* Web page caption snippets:
BEGIN

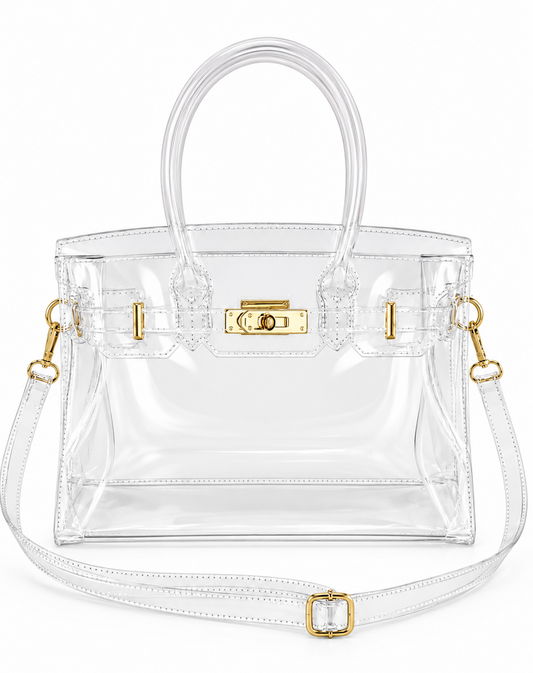 Clearly Fabulous Tote Bag - Clear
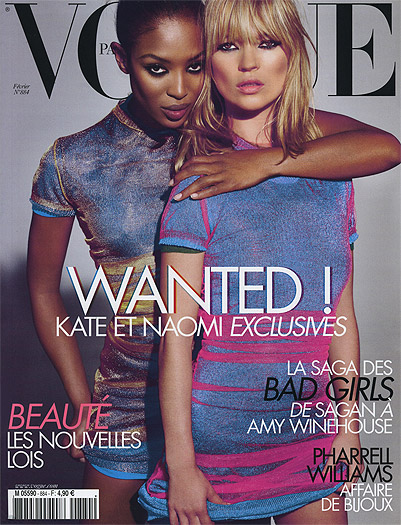 Portada de Vogue realizada en 2008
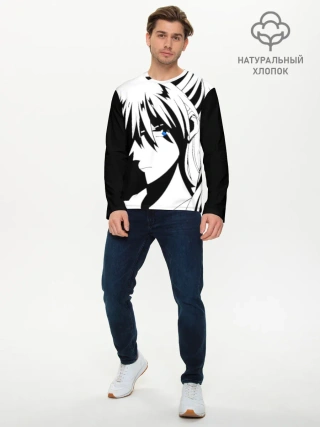 Мужской лонгслив базовый / Aska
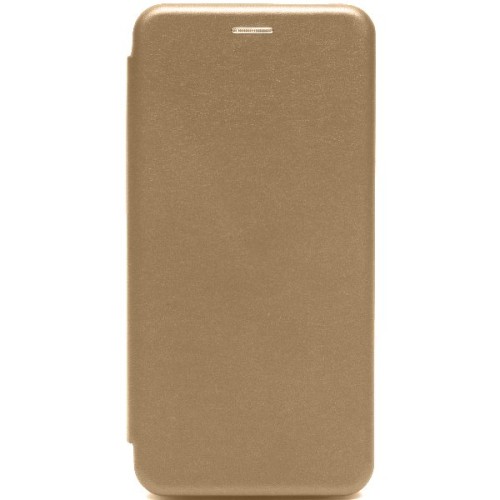 Чехол книжка для Xiaomi Poco M5 Book Cover Золотой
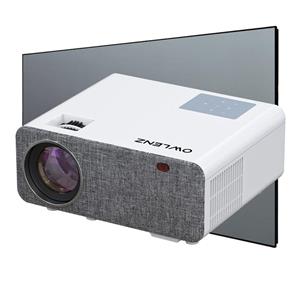 ویدئو پروژکتور النز مدل SD500 Smart Android به همراه پرده نمایش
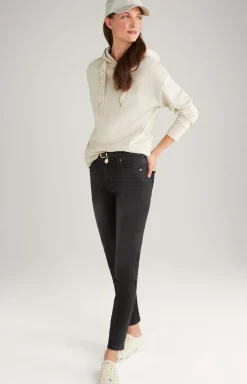 Tasta hoodie in taupe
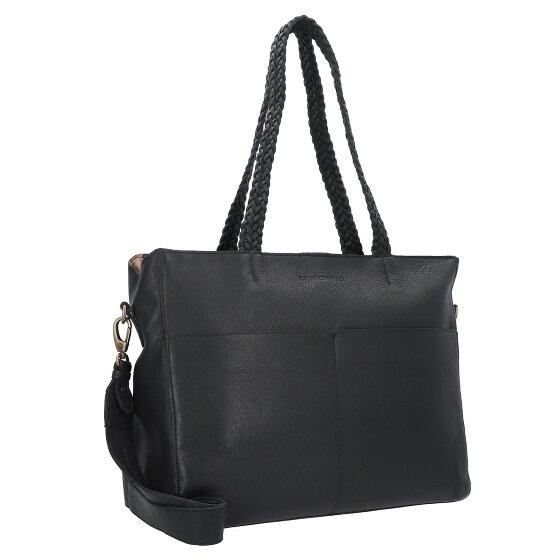 Cowboysbag Oily Cow Bushton Torba na ramię Skórzany 40 cm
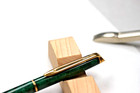 Waterman Hemisphere Pencil   Green With Gold Trim  Made In France
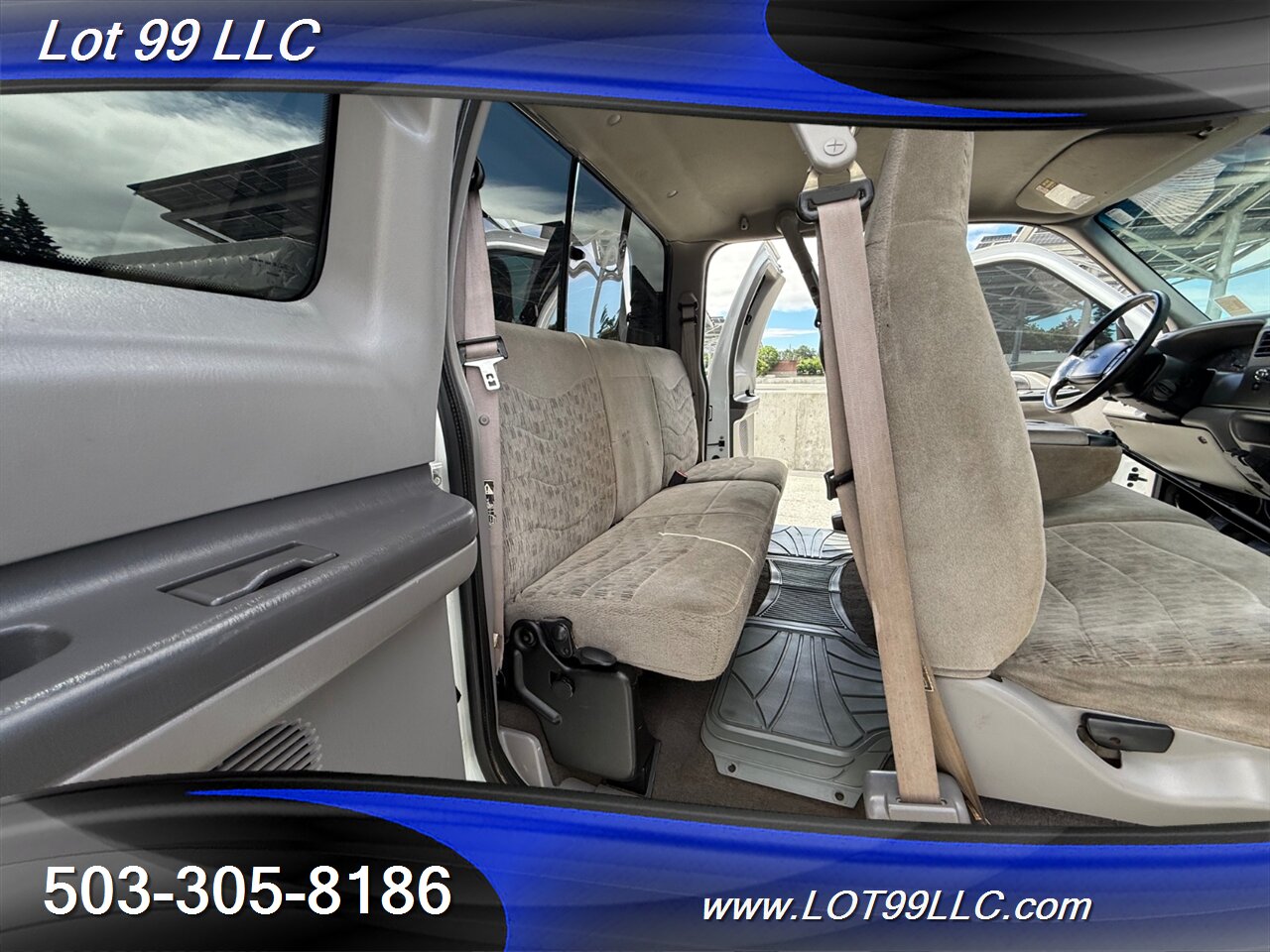 2000 Ford F-250 Super Duty 4x4 7.3 Turbo Diesel 6 Speed Manual 186k Miles Lifted Long Bed ** NO Blow By ** - Photo 18 - Milwaukie, OR 97267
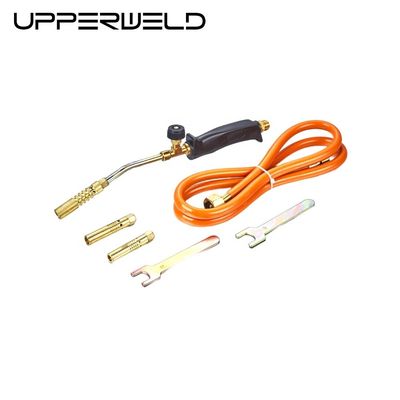 10 PCS UPPERWELD Propang-Weed-Flammen-Set mit Flint-Streiker MEAS 47,5*30,5*20cm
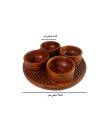 اوردور خوری چهار تکه اِرمیک طرح بینهایت ermeek WB04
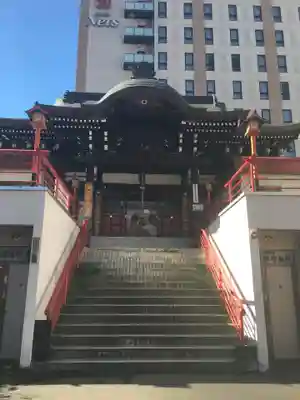 豊川稲荷札幌別院(玉宝禅寺)の本殿・本堂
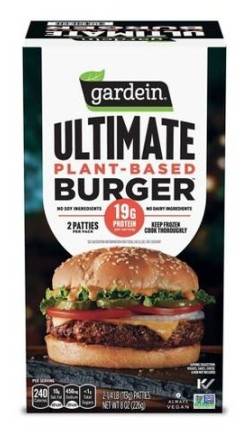 Gardein Ultímate Plant-Based Burger 8 oz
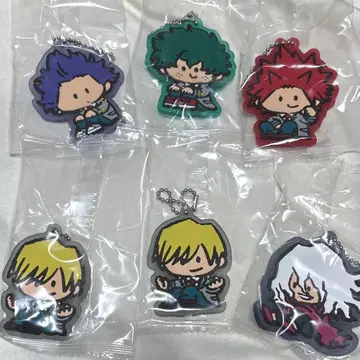 나의 히어로 아카데미아 캡슐 러버 마스코트 묶음 판매 !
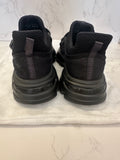 Pre Loved Christian Dior D-Wander Technical Cloth Black Sneakers    UK 3.5 (excellent)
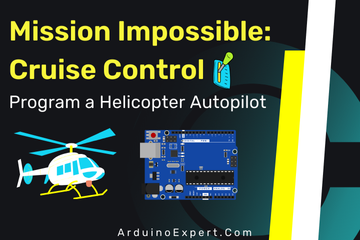 Mission Impossible Cruise Control with Arduino Project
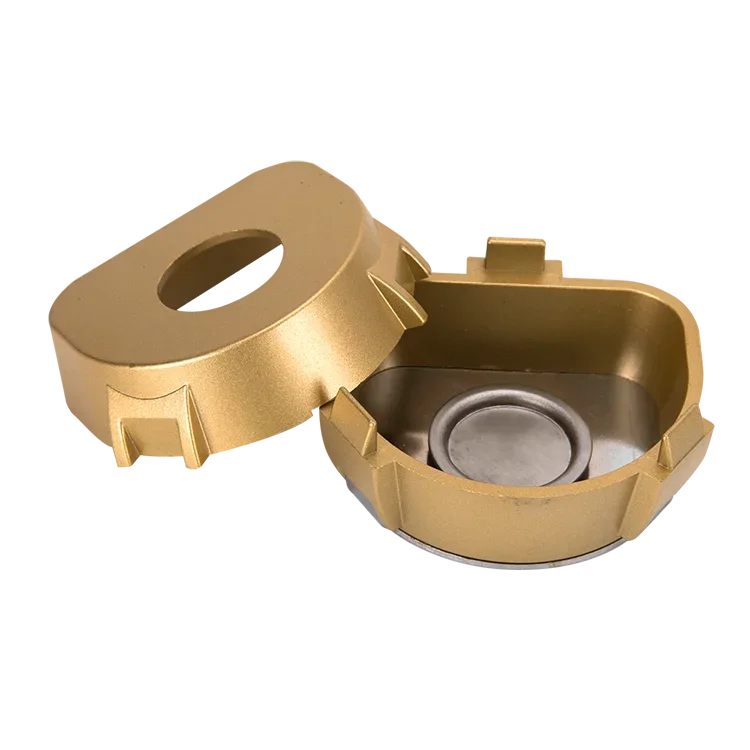 1PC Dental Lab Brass Non-stick Plaster Denture Flask Press Compress With Screw No Screw Two Types on Lab Acrylic Partial Work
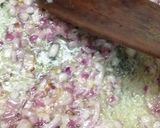 A picture of step 2 of Prawns masala#endofyearchallenge.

END

* Requirement: All of the entries above are to be written out exactly, with no pictures.

* Exercise result:
 Clearly Fabulous Tote Bag - Clear
 Portada de Vogue realizada en 2008
 Мужской лонгслив базовый / Aska
 Чехол книжка для Xiaomi Poco M5 Book Cover Золотой
 ویدئو پروژکتور النز مدل SD500 Smart Android به همراه پرده نمایش
 Tasta hoodie in taupe
 Cowboysbag Oily Cow Bushton Torba na ramię Skórzany 40 cm
 Waterman Hemisphere Pencil   Green With Gold Trim  Made In France
 2000 Ford F-250 Super Duty 4x4 7.3 Turbo Diesel 6 Speed Manual 186k Miles Lifted Long Bed ** NO Blow By ** - Photo 18 - Milwaukie, OR 97267
 10 PCS UPPERWELD Propang-Weed-Flammen-Set mit Flint-Streiker MEAS 47,5*30,5*20cm
 اوردور خوری چهار تکه اِرمیک طرح بینهایت ermeek WB04
 豊川稲荷札幌別院(玉宝禅寺)の本殿・本堂
 Gardein Ultímate Plant-Based Burger 8 oz
 나의 히어로 아카데미아 캡슐 러버 마스코트 묶음 판매 !
 Pre Loved Christian Dior D-Wander Technical Cloth Black Sneakers    UK 3.5 (excellent)
 Mission Impossible Cruise Control with Arduino Project
 1PC Dental Lab Brass Non-stick Plaster Denture Flask Press Compress With Screw No Screw Two Types on Lab Acrylic Partial Work
 A picture of step 2 of Prawns masala#endofyearchallenge.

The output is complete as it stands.